DESCRIPTION OF THE TASK
What is needed is a word-for-word copy of the lines below from the one with "Snapshot of vee_tommy" through the one with "Batesquire, Sothall, Sheffield, S20, photo", both included, with every picture left out.

EXTRACTED ENTRIES
:::::
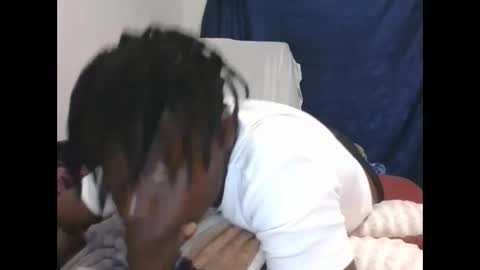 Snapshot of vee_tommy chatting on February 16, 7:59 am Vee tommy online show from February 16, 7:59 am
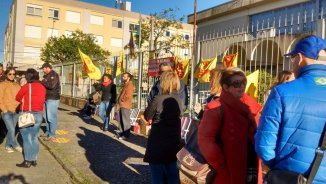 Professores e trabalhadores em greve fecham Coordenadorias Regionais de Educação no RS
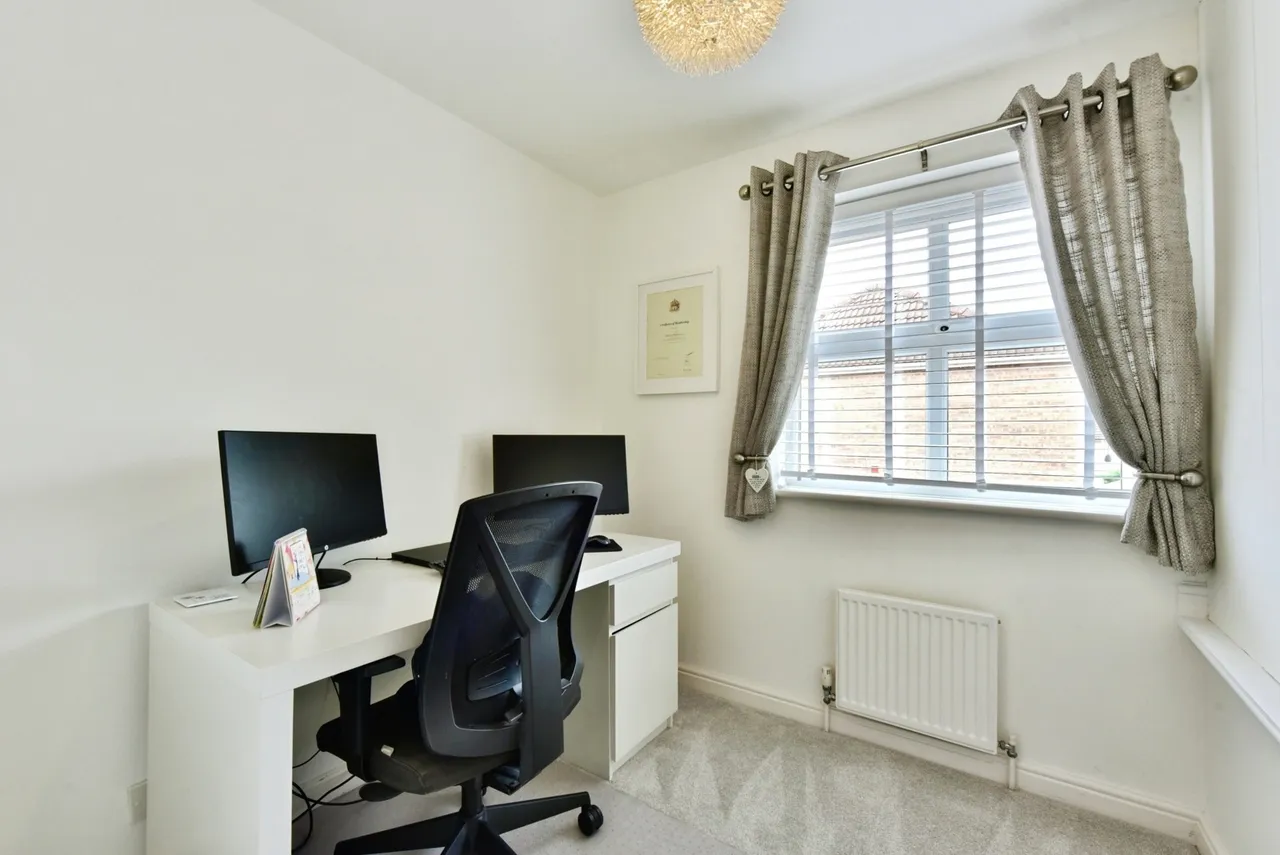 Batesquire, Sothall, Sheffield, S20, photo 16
:::::
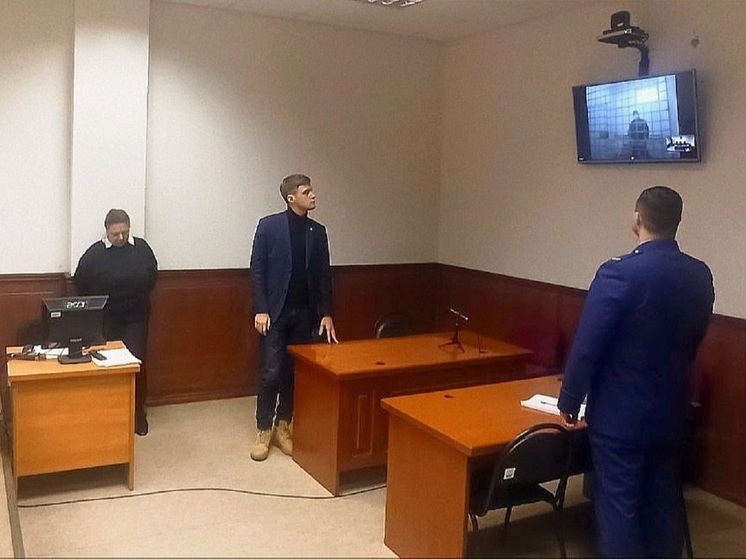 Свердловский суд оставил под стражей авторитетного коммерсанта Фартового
:::::
RESULT OF THE EXERCISE
 Snapshot of vee_tommy chatting on February 16, 7:59 am Vee tommy online show from February 16, 7:59 am
 Professores e trabalhadores em greve fecham Coordenadorias Regionais de Educação no RS
 Batesquire, Sothall, Sheffield, S20, photo 16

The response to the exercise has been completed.